#TwineTuesday, Twine Tuesday, video games

Twine: Share your macros, post your code, and write more tutorials — now with official wiki!

For me, it all started with Cyberqueen. That was the first Twine game I played, and it become the basis of what I thought was possible with a Twine game last year. It was even, for the initial couple weeks of contact with it, how I thought all Twine games worked too. There would be timed events, multiple colors, and a disturbingly delightful intoxicated chaotic textual world.
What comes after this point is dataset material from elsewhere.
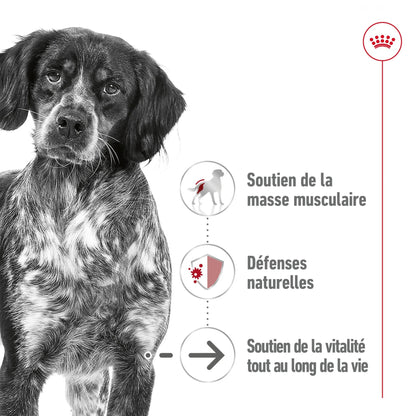 ROYAL CANIN® Medium Ageing 7+ Mousse - Le Royaume de Lecki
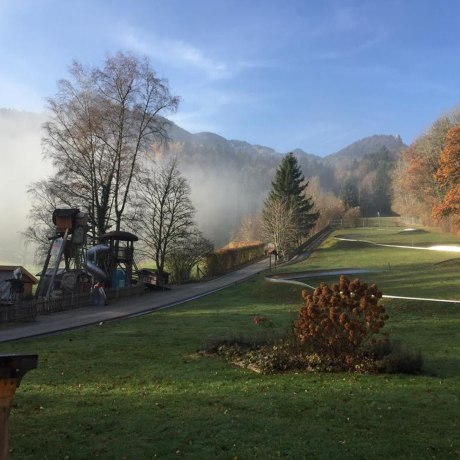 Die Sonne besiegt den Frühnebel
It had a major influence on me. Both as art, as a game, and mostly importantly for Porpentine‘s willingness to post the code behind it. Even though it was part of the normal Ludum Dare jam rules (to post the source too), I was able to learn from Porpentine’s work. I reverse engineered how to make certain passages do different things and how Twine worked as an engine and parser. More than anything gained from trying to understand the annoyingly crypt and frequently obtuse original API documentation, I was able to build from someone’s work for my own small projects.

That’s also why I was able to make my guides. What very little good I have been able to give back to the Twine community came as a direct result of Porpentine’s own posted code coming up on a year ago now. (Even though you will probably never read this, thank you for your continued progress toward weirdly wonderful, tragically twisted, and sinister silly everything too, Porpentine. May you forever shine on as a beacon for others to make whatever they want whenever they want for any reason they want and damn all others who would say otherwise.)

That’s why I am so excited about Twine finally having an official wiki! At last, the community can start to pool our knowledge together in an official and easy to find way. Instead of spreading tips, tricks, and hacks here and there across blog posts, pages, and various forums, we have a place to gather links and point out to how to help others get started. This is a fantastic opportunity to start building the tutorials and sharing code for others to come behind us.

Let down the rope, unfold the steps, lower the ladder, and reach out a hand. Now is the time. We are hurling towards a new year and the chance for beginning again. Before 2013 is out, if you have code, macros, or even advice for how others might do even the smallest thing in Twine, share it. Post links to the wiki and fill it to the brim with pages on everything that is currently able to be done in Twine and ways even more might be possible in the future.

Post your code.

Write a tutorial.

Share your knowledge.

Even just the experiences of frustration, something I’m not always personally willing to share myself, are important. We often fail before we succeed at what we want. We all fall down sometimes. By looking to others, those around us and the ones we look up to, we can see all the rough edges before the polish was applied. We can look behind the curtain and see what levers we might use ourselves for things. We can learn.